__Work required__
The records below are to be restated word for word, with their images omitted.

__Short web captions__
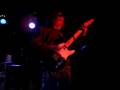 Half Japanese "I'll Change My Style" live in DC 07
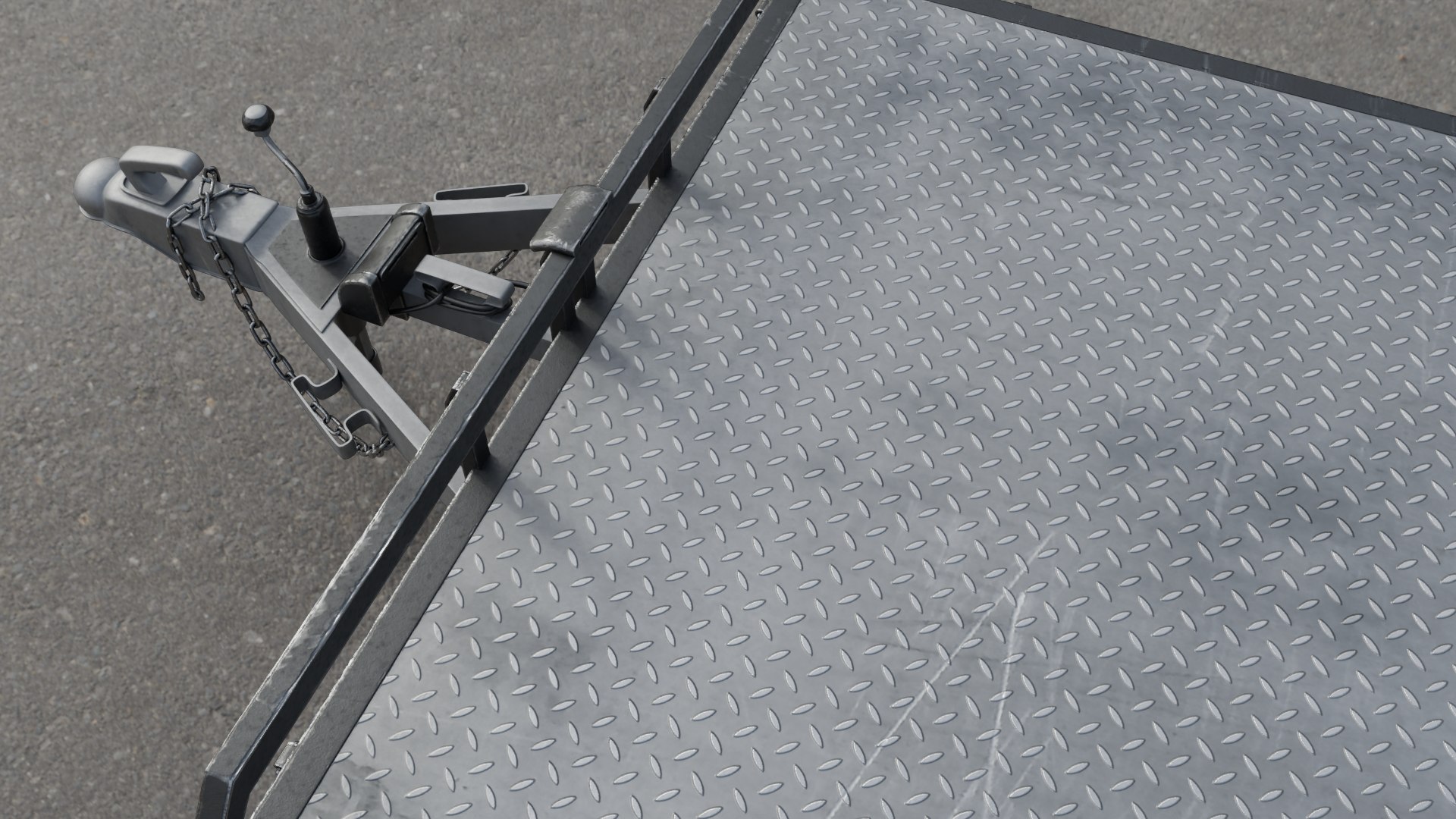 3D Flatbed Trailer Double Axes https://p.turbosquid.com/ts-thumb/PO/0j1Mn4/K4/11/png/1724333090/1920x1080/fit_q87/be7292ce308c81ed388578fea950f24d9e432b72/11.jpg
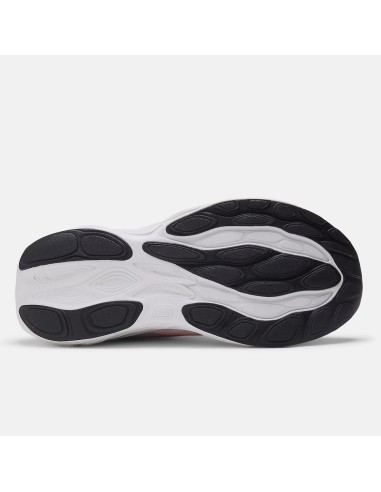 NB Fresh Foam X 1080 v14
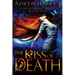 The Kiss of Death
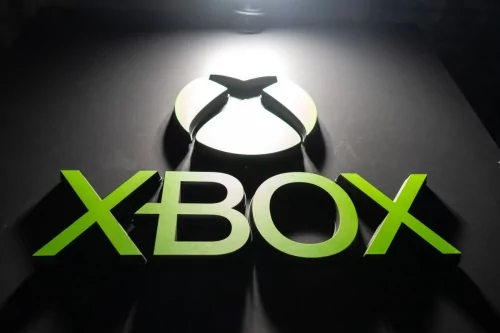 Microsoft’s new gaming CEO vows not to flood the ecosystem with ‘endless AI slop’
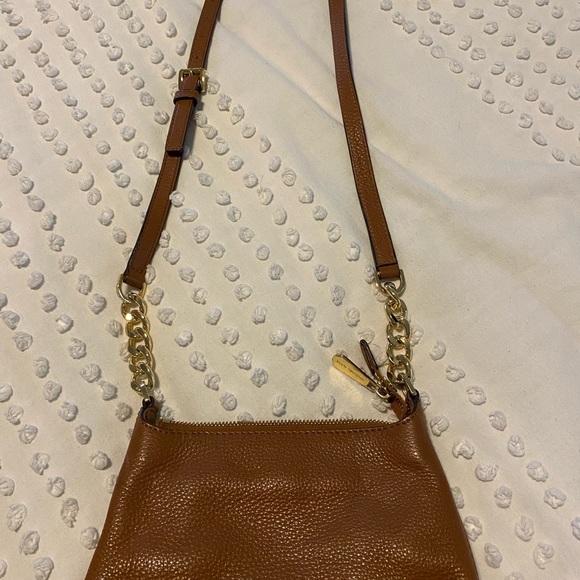 Michael Kors purse - Picture 6 of 7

__Result for this exercise__
 Half Japanese "I'll Change My Style" live in DC 07
 3D Flatbed Trailer Double Axes https://p.turbosquid.com/ts-thumb/PO/0j1Mn4/K4/11/png/1724333090/1920x1080/fit_q87/be7292ce308c81ed388578fea950f24d9e432b72/11.jpg
 NB Fresh Foam X 1080 v14
 The Kiss of Death
 Microsoft’s new gaming CEO vows not to flood the ecosystem with ‘endless AI slop’
 Michael Kors purse - Picture 6 of 7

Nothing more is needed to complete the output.